A well-known property of classical distribution is that they satisfy strong subadditivity, meaning that for any tripartite joint probability distribution $p(x,y,z)$, we have the inequality $$H(AB)+H(BC) - H(B) - H(ABC) \ge 0.$$ This can be equivalently stated as the positivity of the conditional mutual information: $I(A:C|B)\ge0$, which in turn immediately tells us that the inequality is saturated iff $A$ and $C$ are conditionally independent from $B$. Equivalently, this amounts to $A\to B\to C$ being a Markov chain. A nontrivial example (meaning an example where $A,C$ are not unconditionally independent) might be the balanced distribution over three bits given by $$p(000)=p(111) = \frac12.$$ Another possibility is the probability distribution $$p(000)=p(001) = \frac14, \quad p(110) = 1/8, \quad p(111) = 3/8.$$ We can still easily see that this must saturate the strong subadditivity because it's a Markov chain: $Y$ is determined by $Y=X$, and the distribution over $Z$ depends exclusively on $Y$.
Going quantum, it is often mentioned that while strong subadditivity also holds for von Neumann entropies of tripartite quantum states, the statement is less obvious than its classical counterpart. It can still be stated as $I(A:C|B)\ge0$, but this is now the conditional quantum mutual information, which has a less obvious interpretation. Preskill states in his notes that the strong subadditivity of the von Neumann entropy is saturated for tripartite states $\rho_{ABC}$ when there is a direct sum decomposition $\mathcal H_B=\bigoplus_j (\mathcal H_{B_j^L} \otimes\mathcal H_{B_j^R})$ and the state has a decomposition $$\rho_{ABC} = \bigoplus_j p_j \rho_{AB_j^L}\otimes \rho_{B_j^R C}.$$ The proof or source of this statement is not given though, and it's not clear to me whether this condition can somehow be considered as a quantum counterpart of the classical Markov chain condition, or whether it's something entirely different.

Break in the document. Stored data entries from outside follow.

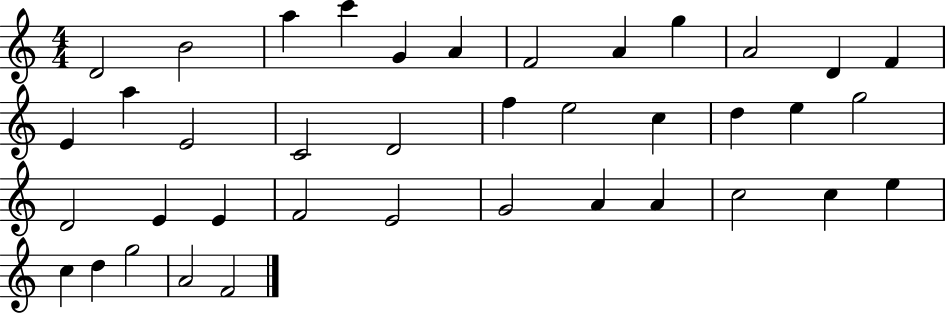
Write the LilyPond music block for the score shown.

{
  \clef treble
  \numericTimeSignature
  \time 4/4
  \key c \major
  d'2 b'2 | a''4 c'''4 g'4 a'4 | f'2 a'4 g''4 | a'2 d'4 f'4 | \break e'4 a''4 e'2 | c'2 d'2 | f''4 e''2 c''4 | d''4 e''4 g''2 | \break d'2 e'4 e'4 | f'2 e'2 | g'2 a'4 a'4 | c''2 c''4 e''4 | \break c''4 d''4 g''2 | a'2 f'2 | \bar "|."
}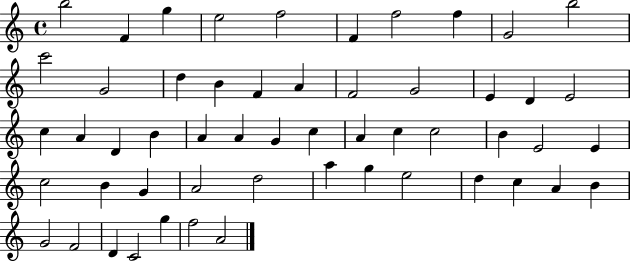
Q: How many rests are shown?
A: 0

What are illustrative examples of quantum states saturating the strong subadditivity of the von Neumann entropy, and therefore satisfying the above condition? Ideally, it would be great to also have examples that illustrate the nontriviality of the statement in the quantum case, whatever that means. Given the tight relation between strong subadditivity and monotonicity of the relative entropy, I suppose this is somewhat equivalent to asking for examples saturating the monotonicity of relative entropy in the tripartite case.